Étonnée, Vanessa rétorqua,
— Mais… Comment… ?
Camille souffla,
— Je te connais, maman, j’ai repéré quand tu as commencé à prendre des rendez-vous avec trois médecins différents. Je suis tombée sur l’un des courriers que tu cachais dans ton secrétaire. Après, il m’a suffi d’aller sur internet.
Médusée, Adèle lui demanda,
— Mais donc, tu le sais depuis quand ?
— Ça fait un mois que je le sais.
Sidérée, Adèle balbutia,
— Tu… Tu le savais alors même que nous faisions les essayages ensembles, ta mère, toi et moi ?!
— Oui, je voulais montrer à maman qu’elle n’avait pas de soucis à se faire par rapport à toi. Je crois que c’est pour ça aussi que maman s’est rapprochée de toi, pour voir si cela pouvait fonctionner avec toi, hein, maman ?
Vanessa rigola,
— Camille ! C’est exactement pour cela, oui ! Ma fille, je t’adore.
Elle serra sa fille contre elle. Des larmes coulaient sur ses joues.
— Les chiens ne font pas des chats, Camille a hérité de ton sens de l’investigation et de l’à-propos, Vanessa.
Bertrand se leva pour enlacer son ex-compagne et sa fille. Vanessa soupira bruyamment puis prit du recul pour admirer sa fille et s’adresser à Adèle et Bertrand.
— Mon dieu, je suis heureuse que tout le monde soit au courant maintenant, c’est une épreuve en moins pour moi ! Je ne savais pas comment vous l’amener, il n’y a jamais de « bons moments » pour annoncer ce genre de chose, et puis, les jours passants, je me suis dit que je ne devais plus perdre de temps.

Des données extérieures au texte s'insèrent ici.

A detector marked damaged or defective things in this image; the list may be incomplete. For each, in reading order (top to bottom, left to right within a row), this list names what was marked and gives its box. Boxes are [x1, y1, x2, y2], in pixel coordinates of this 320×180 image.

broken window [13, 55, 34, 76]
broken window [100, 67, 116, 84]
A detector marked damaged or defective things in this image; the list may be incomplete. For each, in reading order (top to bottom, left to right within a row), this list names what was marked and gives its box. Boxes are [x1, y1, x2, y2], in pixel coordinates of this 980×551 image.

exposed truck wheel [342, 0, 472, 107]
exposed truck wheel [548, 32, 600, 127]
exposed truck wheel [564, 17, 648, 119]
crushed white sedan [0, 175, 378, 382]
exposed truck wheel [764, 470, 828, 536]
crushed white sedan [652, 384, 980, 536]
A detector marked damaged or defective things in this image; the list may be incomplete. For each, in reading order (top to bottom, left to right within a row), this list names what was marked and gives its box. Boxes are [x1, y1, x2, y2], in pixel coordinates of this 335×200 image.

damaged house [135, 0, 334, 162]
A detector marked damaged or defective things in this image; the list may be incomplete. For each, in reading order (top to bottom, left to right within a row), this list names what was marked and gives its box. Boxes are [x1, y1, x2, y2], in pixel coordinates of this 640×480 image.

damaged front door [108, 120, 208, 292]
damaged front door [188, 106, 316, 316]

Mes jours sont comptés, je dois les mettre à profit, tous.
— Tu as bien fait, Vanessa, tu ne pouvais pas garder cela pour toi, les jours qui restent sont effectivement comptés pour toi. Nous t’aiderons au mieux pour que tu puisses profiter de la vie jusqu’au bout, dit doucement Adèle.

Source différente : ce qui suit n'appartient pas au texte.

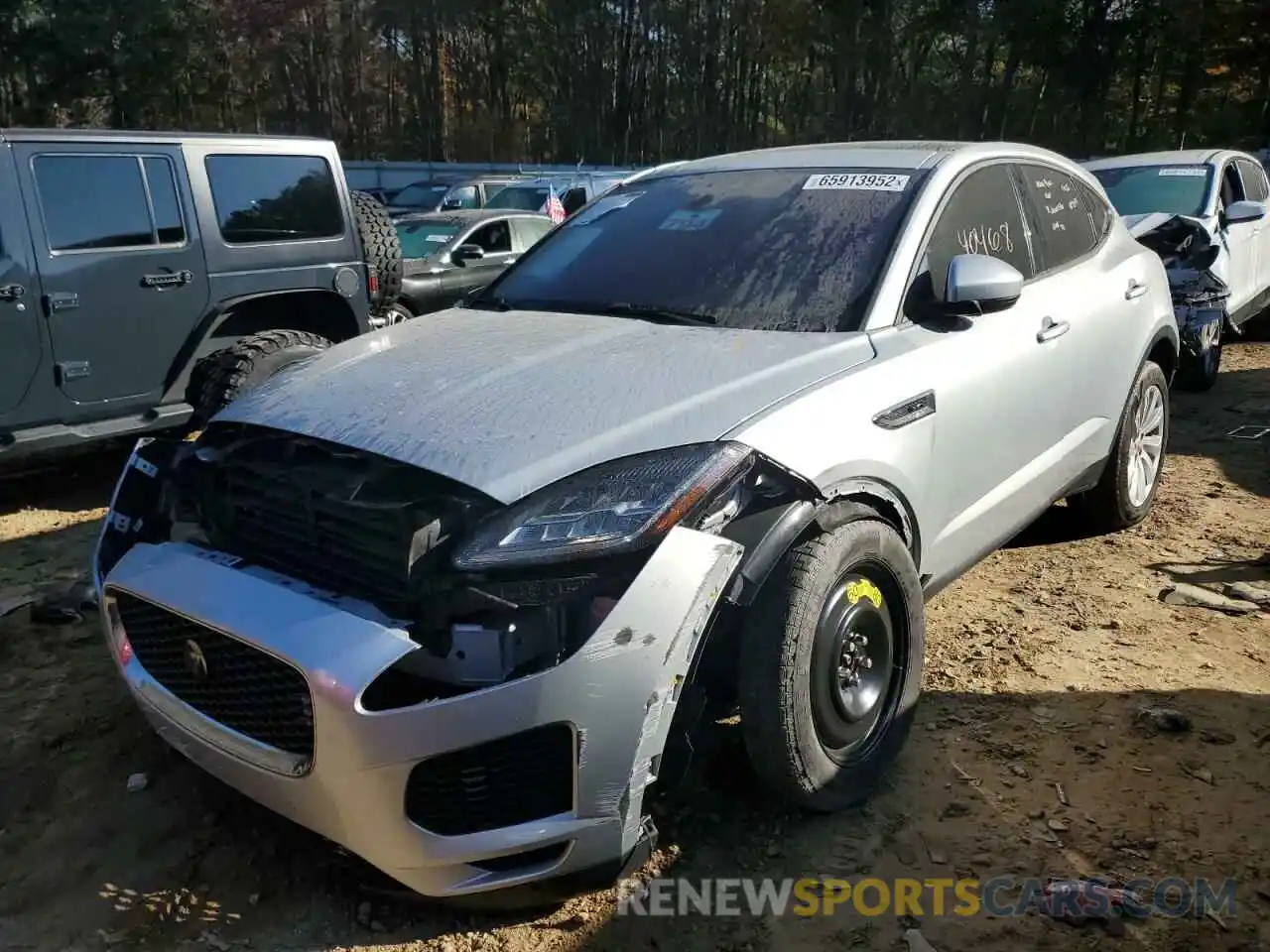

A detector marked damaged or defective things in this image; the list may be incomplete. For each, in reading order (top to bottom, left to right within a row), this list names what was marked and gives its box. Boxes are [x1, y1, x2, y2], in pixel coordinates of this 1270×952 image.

crumpled hood [213, 313, 877, 506]
exposed headlight assembly [452, 440, 754, 567]
white damaged suv [94, 141, 1175, 908]
damaged silver jaguar e-pace [96, 138, 1183, 904]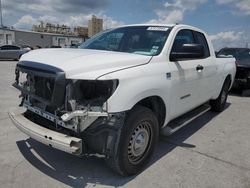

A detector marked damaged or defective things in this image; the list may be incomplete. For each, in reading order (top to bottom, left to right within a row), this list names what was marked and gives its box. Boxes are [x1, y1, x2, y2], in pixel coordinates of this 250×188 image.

damaged front bumper [8, 110, 82, 154]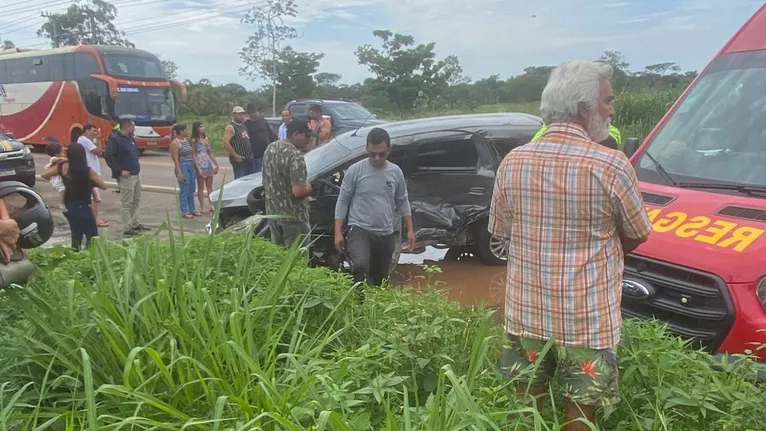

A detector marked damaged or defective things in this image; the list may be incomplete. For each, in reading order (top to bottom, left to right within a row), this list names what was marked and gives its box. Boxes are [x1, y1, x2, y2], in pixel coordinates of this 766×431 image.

En rigolant, Vanessa lui répondit,
— Désolée si j’ai un peu plombé l’ambiance de la fête.
Bertrand souffla un « arrête ! » en lui ébouriffant les cheveux puis, plus posément, lui dit,
— Vanessa, sache qu’on fera tout pour que cela se passe bien. N’hésite vraiment pas, même pour les derniers moments, si tu veux venir à la maison, la porte est ouverte.
Elle prit la main de son ex-compagnon qui lui caressait l’avant-bras et lui dit,
— Merci pour cette proposition, mais j’espère mourir dans mon sommeil avant d’être grabataire et dépendante.
— Je le sais, je te connais. Mais je te le propose quand même. Le moment venu, tu changeras peut-être d’avis.
Ils restèrent encore un bon moment à soutenir Vanessa, puis cette dernière demanda à être seule avec sa fille. Le couple se leva et les quitta.
Sur le chemin, Bertrand glissa à l’oreille de sa femme,
— Elle a pris sa décision, une fois qu’elle aura fait tout ce qu’elle avait prévu de faire avec Camille, elle mettra fin à ses jours.
— Elle veut partir dignement, je la retrouve bien là ! Et Camille, elle est si forte !
— Digne fille de sa mère ! Mais elle aura besoin de nous, après.
— Oui, et nous serons là.
Il s’arrêta avant d’arriver au manoir et lui murmura,
— Mais quelle journée !
— Haute en couleur et avec des émotions en montagnes russes !
— Viens, si tu as encore un peu de courage, nous allons passer parmi les quelques invités qui ne sont pas encore couchés, puis nous irons nous affaler dans notre lit.
— Oh oui, vivement notre lit !
Il la prit par la main et ils entrèrent dans le manoir, un sourire aux lèvres, tentant de ne pas trahir ce qu’ils venaient d’apprendre.